Let $f \colon X \to \mathbb P^n$, $n \geq 2$, be a holomorphic map from a compact Riemann surface $X$ and whose image $f(X)$ is a smooth projective curve. There are two notions of degree for such a map $f$:
the degree $d_1$ as the degree of the map of Riemann surfaces $\widetilde f: X \to f(X)$ which is the number of sheets of the ramified covering;
the degree $d_2$ of any divisor in the associated linear system $|f|$, or the degree of the hyperplane divisor $f^*(H)$.
We know that these notions of degree are different and are related: $d_2 = d_1 \cdot \deg f(X)$.
Passing to homology, we see that $f$ induces the following maps:
- $\widetilde f_* \colon H_2(X) \to H_2(f(X))$. Since both groups are isomorphic to $\mathbb Z$, this is given by $\widetilde f_*[1] = k[1]$ and one can show that $k=d_1$ (up to a sign).
- $f_* \colon H_2(X) \to H_2(\mathbb P^n)$. Both groups are again isomorphic to $\mathbb Z$, so this map is $f_*[1] = m[1]$ for some $m$. Is it true that $m = d_2$ (up to a sign)?
Due to the formula relating $d_1$ to $d_2$, we can reformulate the above question in the following form.
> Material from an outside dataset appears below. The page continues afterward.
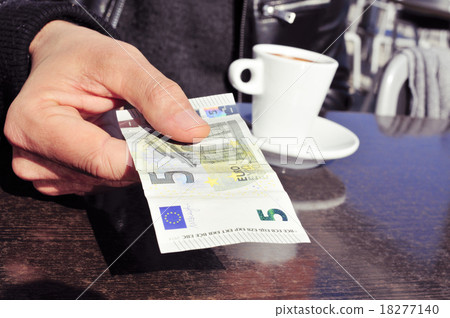 young man paying the bill in the terrace of a cafe young man paying the bill in the terrace of a cafe 18277140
We have $f = i \circ \widetilde f$, where $i\colon f(X) \hookrightarrow \mathbb P^n$. This map descends to $f_* = i_* \circ \widetilde f_*$, where $i_* \colon H_2(f(X)) \to H_2(\mathbb P^n)$. Since the latter spaces are isomorphic to $\mathbb Z$, we have $i_*[1] = l[1]$. Thus, having $m=d_2$ is equivalent to having $l = \deg f(X)$. Thus, the equivalent question is whether $\deg f(X) = l$ (up to a sign)?